Given the entries that follow, write out exactly the lines starting at the one containing "DIY Garden Shelf" and ending at the one containing "cadeira777.net", both ends included, and only those.

● Entries supplied
----------------------------------------

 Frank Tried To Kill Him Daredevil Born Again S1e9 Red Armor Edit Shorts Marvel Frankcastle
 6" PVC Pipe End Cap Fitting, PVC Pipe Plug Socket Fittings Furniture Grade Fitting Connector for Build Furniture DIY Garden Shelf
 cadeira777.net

----------------------------------------

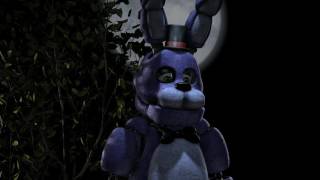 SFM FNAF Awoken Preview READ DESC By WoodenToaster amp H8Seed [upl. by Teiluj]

----------------------------------------

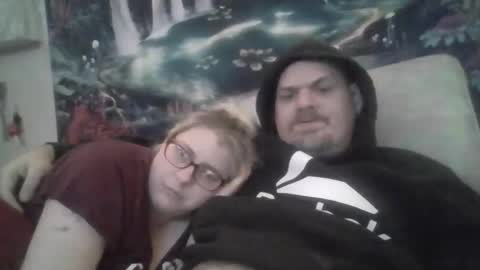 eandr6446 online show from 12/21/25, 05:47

----------------------------------------

● Result of this task
 6" PVC Pipe End Cap Fitting, PVC Pipe Plug Socket Fittings Furniture Grade Fitting Connector for Build Furniture DIY Garden Shelf
 cadeira777.net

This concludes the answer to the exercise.